Run on many samples
To run the pipeline on a few samples if relatively straightforward, but when we need to run it on 100s of samples it can get a bit unwieldy to type every command out. For this purpose it is possible to use the batch
function.
usage: tb-profiler batch [-h] --csv CSV [--args ARGS] [--jobs JOBS]
[--threads_per_job THREADS_PER_JOB] [--dir DIR]
[--temp TEMP] [--version]
optional arguments:
-h, --help show this help message and exit
--csv CSV CSV with samples and files (default: None)
--args ARGS Arguments to use with tb-profiler (default: None)
--jobs JOBS, -j JOBS Threads to use (default: 1)
--threads_per_job THREADS_PER_JOB, -t THREADS_PER_JOB
Threads to use (default: 1)
--dir DIR, -d DIR Storage directory (default: .)
--temp TEMP Temp firectory to process all files (default: .)
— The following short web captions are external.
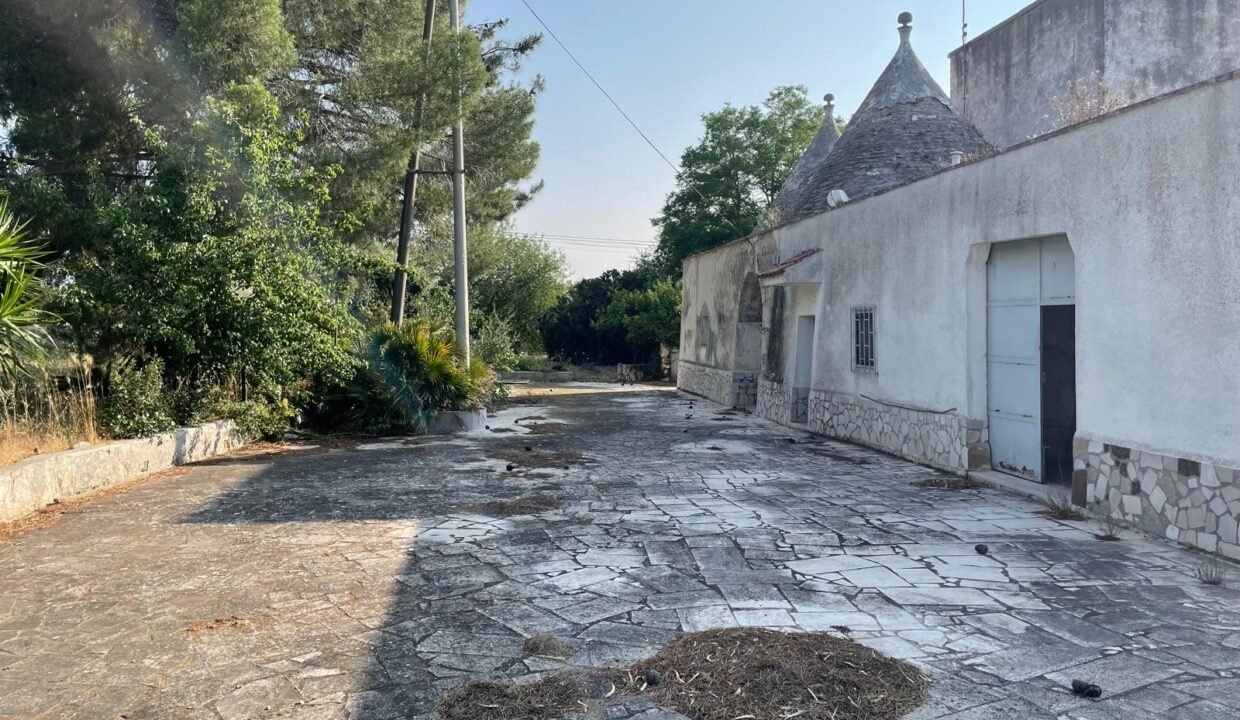 immobile-vendesi-via-alberobello-castellana-apulia-case (19)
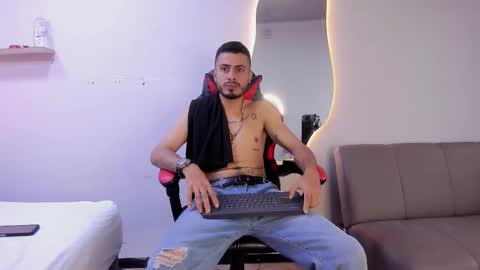 Matthew online show from 01-31-26, 09:46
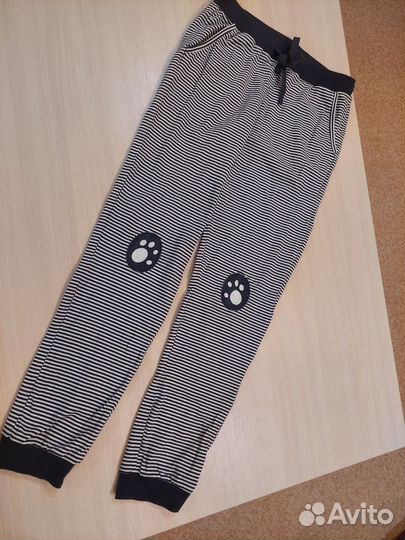 Кофта для сна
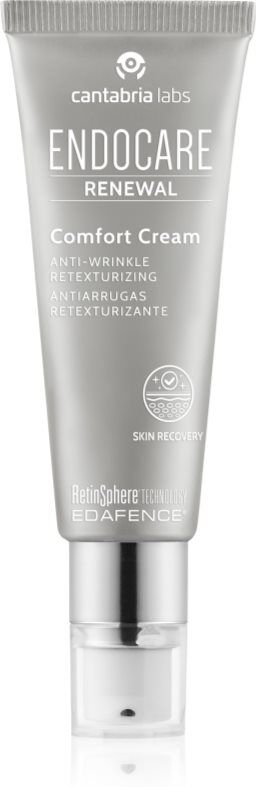 Endocare Renewal intensive Antifaltencreme 50 ml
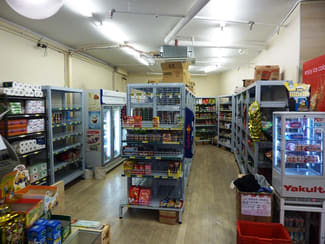 Shop & Retail commercial property leased at Level Grou/710-722 George Street Sydney NSW 2000 Shop & Retail commercial property leased at Level Grou/710-722 George Street Sydney NSW 2000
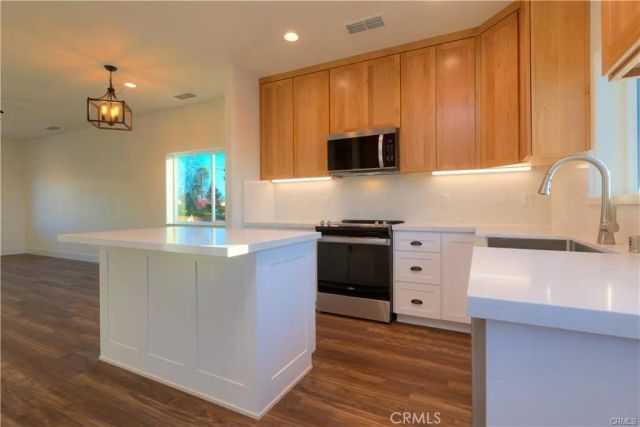 5485 South Libby, Paradise, CA 96969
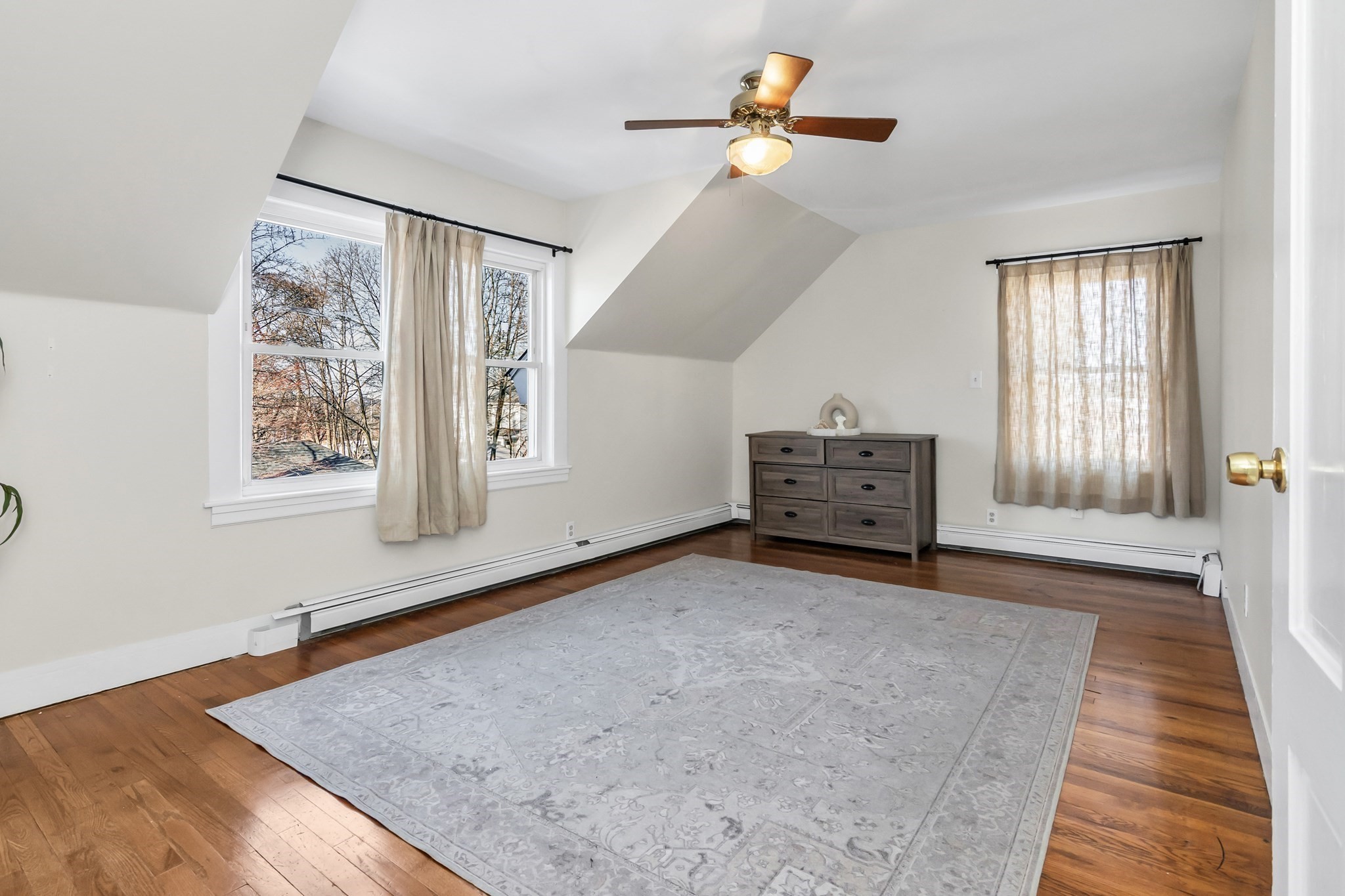 70 Maple Avenue Unit 3, North Andover, MA 01845 - Image 22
--version show program's version number and exit
Here you can supply a CSV file with the following headings:
- id - this will be used to name the files (required)
- read1 - the path to the forward read
- read2 - the path to the reverse read
- bam - the path to the bam/cram file
- vcf - the path to the vcf file
- fasta - the path to the fasta file
Each line should have at least the id field and at least of of the input file fields depending on what data you have.